Wiele lat temu zbierałam się za
pieczenie własnego chleba, ale nigdy nie doszło to do skutku. Jakoś najłatwiej
było wejść do sklepu i kupić. Ale od kiedy jesteśmy na diecie bezglutenowej
stało się to koniecznością. Nie chciałam bowiem kupować gotowych chlebów bg, bo
są tak nafaszerowane chemią, że mijało się to z celem, jakim było wprowadzenie
zdrowego żywienia w naszej rodzinie. Po pierwszych kilku zaledwie
eksperymentach, bardzo długo piekłam chleb wg przepisu od znajomej (chleb Marty)
Ostatnio jednak mieliśmy przyjemność spędzić kilka dni u znajomych w Krakowie. Wiele dobrego tam
doświadczyliśmy, może jeszcze będzie okazja o tym napisać. Jednym z owoców jest
nowy przepis na chleb, który dostaliśmy od Dominika. Podziwiam tego Tatę, który
wstaje rano, przed wszystkimi, szybko i zwinnie wyrabia ciasto na dwa bochenki.
A kiedy wszyscy wstają, wita ich nie tylko piękny zapach, ale i pyszny chlebek.
Ponieważ mojej M bardzo zasmakował, poprosiła mnie, bym wzięła przepis od wujka
i taki chleb piekła. Mama nie miała więc wyjścia ;) Jestem bardzo wdzięczna
Dominikowi za ten przepis. Tym wpisem chcę mu serdecznie podziękować i docenić
jego rolę w naszym życiu.
Chętnie podzielę się z Wami
przepisem, tym bardziej, że jest bardzo prosty, a efektowny. Doskonale się też
nadaje na zrobienie bułeczek w formie na muffinki. Kupiłam sobie maszynę za 40
zł w Biedronce i teraz robię oprócz chleba także bułeczki :)
Przepis:
500 g mąki gryczanej
100 g mąki ryżowej – tu można
stosować różne kombinacje, zamieniać i mieszać różne mąki bg (sorgo, komosa,
amarantus, a ja bardzo lubię ciecierzycę)
750 ml ciepłej wody – ok 30
stopni
Opakowanie suchych drożdży lub
12-14 g mokrych (Jeśli używamy mokrych drożdży, należy rozpuścić je w wodzie)
3 łyżki oliwy
1-2 łyżeczki soli – w zależności
od tego, jak słony chleb lubimy
2 łyżeczki cukru trzcinowego
Wszystko mieszamy razem mikserem.
Odstawiamy do ciepłego miejsca na co najmniej godzinę. Uwaga, bo ciasto bardzo
rośnie, więc naczynie musi być odpowiednio większe, żeby nam z niego nie „wykipiało”.

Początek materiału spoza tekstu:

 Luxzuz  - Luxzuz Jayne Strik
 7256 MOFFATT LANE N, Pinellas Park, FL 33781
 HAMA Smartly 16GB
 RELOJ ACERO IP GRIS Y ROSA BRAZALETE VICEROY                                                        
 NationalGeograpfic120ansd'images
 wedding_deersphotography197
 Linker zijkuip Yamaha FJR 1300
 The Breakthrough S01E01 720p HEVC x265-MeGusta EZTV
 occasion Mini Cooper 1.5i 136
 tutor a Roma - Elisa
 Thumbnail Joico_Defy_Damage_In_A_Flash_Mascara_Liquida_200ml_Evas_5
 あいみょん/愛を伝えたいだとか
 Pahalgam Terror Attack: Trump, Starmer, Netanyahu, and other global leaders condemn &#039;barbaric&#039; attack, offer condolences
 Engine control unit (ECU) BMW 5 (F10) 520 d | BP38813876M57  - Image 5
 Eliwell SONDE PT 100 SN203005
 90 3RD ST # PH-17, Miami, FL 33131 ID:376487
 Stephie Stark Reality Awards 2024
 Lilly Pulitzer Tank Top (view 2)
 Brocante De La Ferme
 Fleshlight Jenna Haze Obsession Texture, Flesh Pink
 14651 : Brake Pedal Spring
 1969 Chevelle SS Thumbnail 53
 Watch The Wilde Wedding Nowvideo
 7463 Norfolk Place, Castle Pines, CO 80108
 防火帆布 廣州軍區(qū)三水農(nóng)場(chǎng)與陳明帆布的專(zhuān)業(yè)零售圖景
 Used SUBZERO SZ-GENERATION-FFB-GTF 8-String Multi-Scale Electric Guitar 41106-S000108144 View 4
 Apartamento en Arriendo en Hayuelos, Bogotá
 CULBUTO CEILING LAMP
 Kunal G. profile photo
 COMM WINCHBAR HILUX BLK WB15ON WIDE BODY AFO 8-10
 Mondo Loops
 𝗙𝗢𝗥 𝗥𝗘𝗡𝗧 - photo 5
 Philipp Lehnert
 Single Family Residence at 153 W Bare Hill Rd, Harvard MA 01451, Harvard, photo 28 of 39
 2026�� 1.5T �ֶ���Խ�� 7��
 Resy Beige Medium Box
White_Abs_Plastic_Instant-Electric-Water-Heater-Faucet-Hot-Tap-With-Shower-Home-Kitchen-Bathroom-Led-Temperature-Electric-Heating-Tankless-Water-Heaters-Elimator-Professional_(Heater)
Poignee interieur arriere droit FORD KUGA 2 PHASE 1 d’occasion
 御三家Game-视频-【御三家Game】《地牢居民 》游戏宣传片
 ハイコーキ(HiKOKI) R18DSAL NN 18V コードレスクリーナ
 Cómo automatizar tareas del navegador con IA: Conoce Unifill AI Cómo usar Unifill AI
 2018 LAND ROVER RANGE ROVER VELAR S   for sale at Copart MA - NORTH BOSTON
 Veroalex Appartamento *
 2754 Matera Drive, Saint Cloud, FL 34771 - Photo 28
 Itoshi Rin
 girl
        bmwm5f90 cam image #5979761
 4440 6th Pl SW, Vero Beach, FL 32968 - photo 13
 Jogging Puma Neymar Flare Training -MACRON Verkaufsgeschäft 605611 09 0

Ja przykrywam ściereczką, zawijam w koc i odstawiam do łazienki, bo tam jest u
mnie teraz najcieplej.
Po tym czasie ciasto mieszam
łyżką i przekładam do foremki. Piekę 1 godzinę w 175 stopniach. Po upieczeniu
wyjmuję do góry nogami na kratkę i czekam aż ostygnie. Dopiero wtedy kroję.